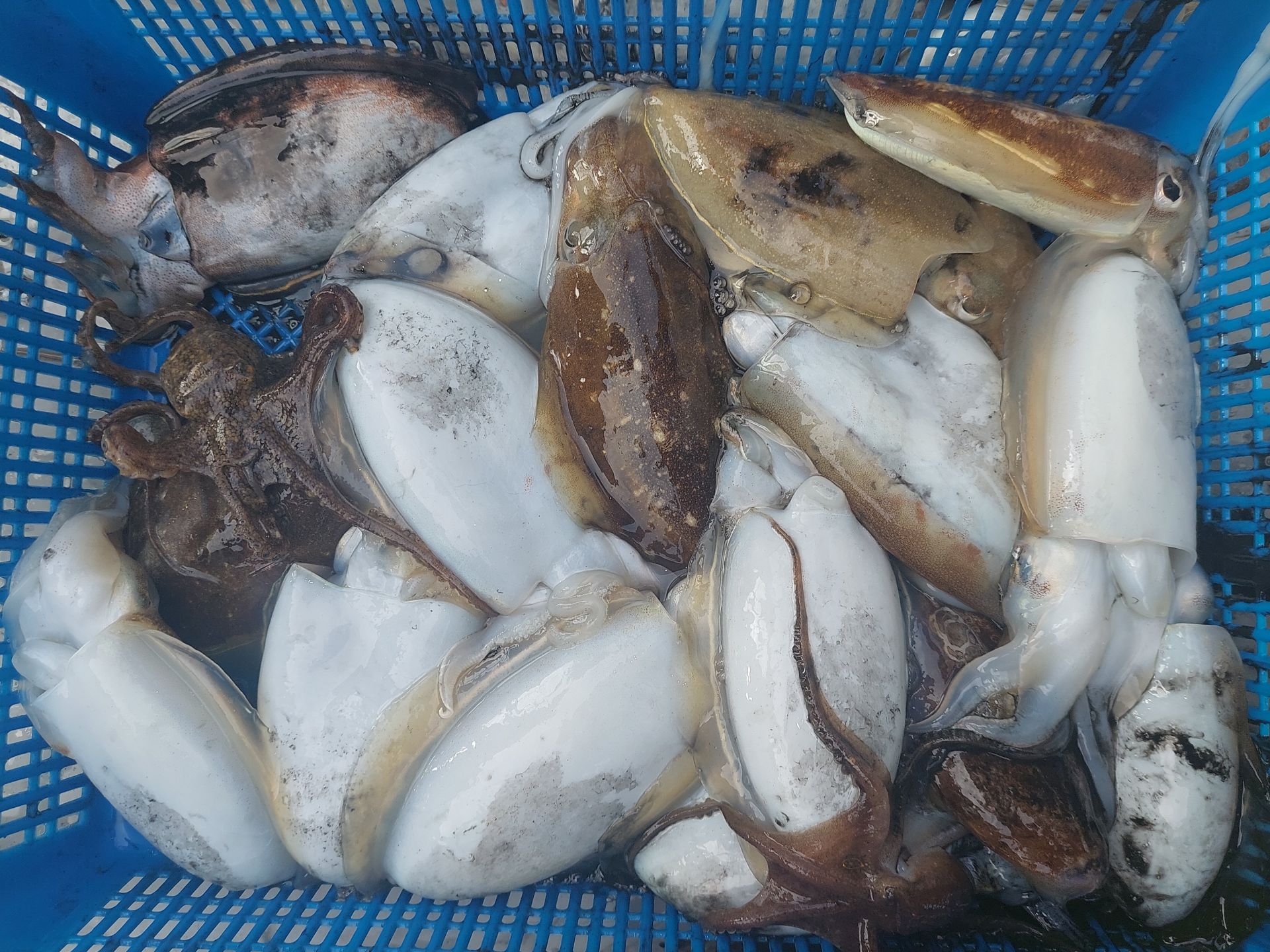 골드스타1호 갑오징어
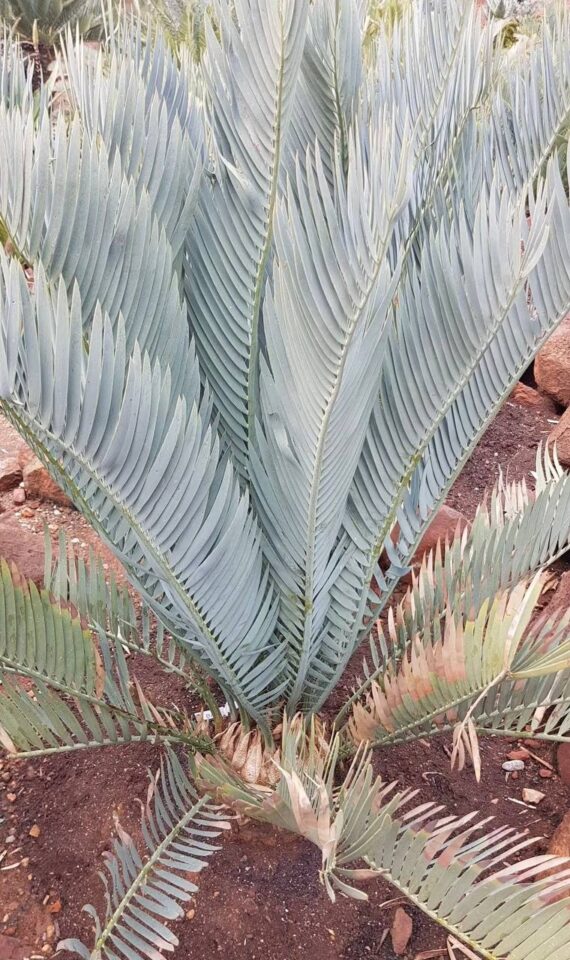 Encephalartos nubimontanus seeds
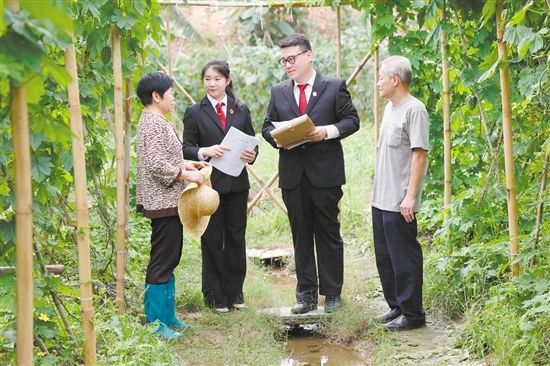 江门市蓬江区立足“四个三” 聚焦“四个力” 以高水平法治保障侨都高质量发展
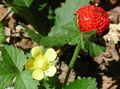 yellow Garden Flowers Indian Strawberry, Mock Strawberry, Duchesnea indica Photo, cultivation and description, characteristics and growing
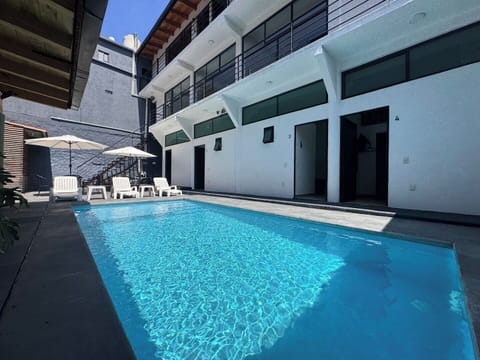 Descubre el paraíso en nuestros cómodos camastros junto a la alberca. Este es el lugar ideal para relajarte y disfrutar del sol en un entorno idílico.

■ ■ ■ ■ ■

**WHAT YOU NEED TO DO**
Quote the full listing above word for word; exclude every picture from the copy.

**EXERCISE RESPONSE**
 골드스타1호 갑오징어
 Encephalartos nubimontanus seeds
 江门市蓬江区立足“四个三” 聚焦“四个力” 以高水平法治保障侨都高质量发展
 yellow Garden Flowers Indian Strawberry, Mock Strawberry, Duchesnea indica Photo, cultivation and description, characteristics and growing
 Descubre el paraíso en nuestros cómodos camastros junto a la alberca. Este es el lugar ideal para relajarte y disfrutar del sol en un entorno idílico.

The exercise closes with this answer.